- _Assignment_
Transcribe every line of the material below exactly, leaving out the pictures.

- _Recorded data_
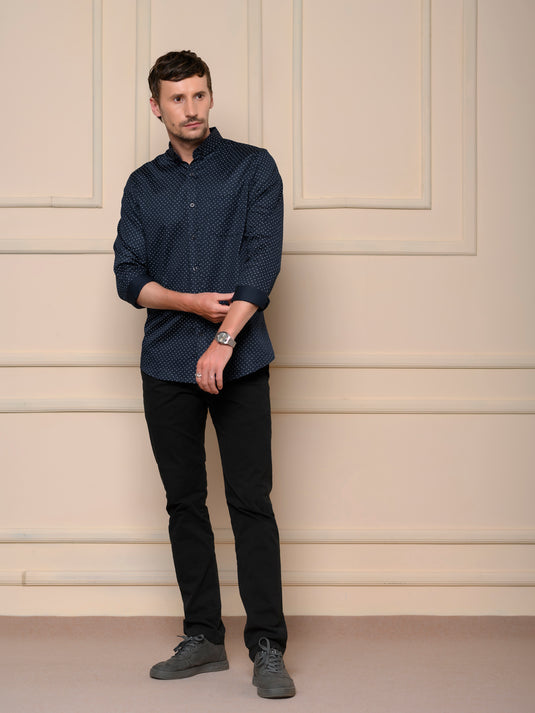 Casual Wear Printed Long Sleeve Shirt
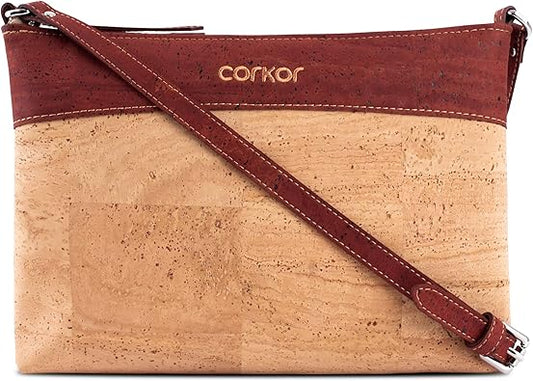 Cork Purse ‰ÛÒ Cork Handbags for Women, Vegan Crossbody Bag Cruelty Free Black Color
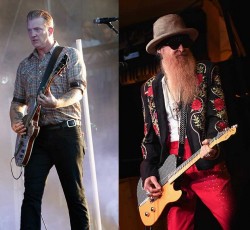 Ο Josh Homme στο στούντιο με τον Dave Grohl και τον Billy Gibbons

- _Answer section_
 Casual Wear Printed Long Sleeve Shirt
 Cork Purse ‰ÛÒ Cork Handbags for Women, Vegan Crossbody Bag Cruelty Free Black Color
 Ο Josh Homme στο στούντιο με τον Dave Grohl και τον Billy Gibbons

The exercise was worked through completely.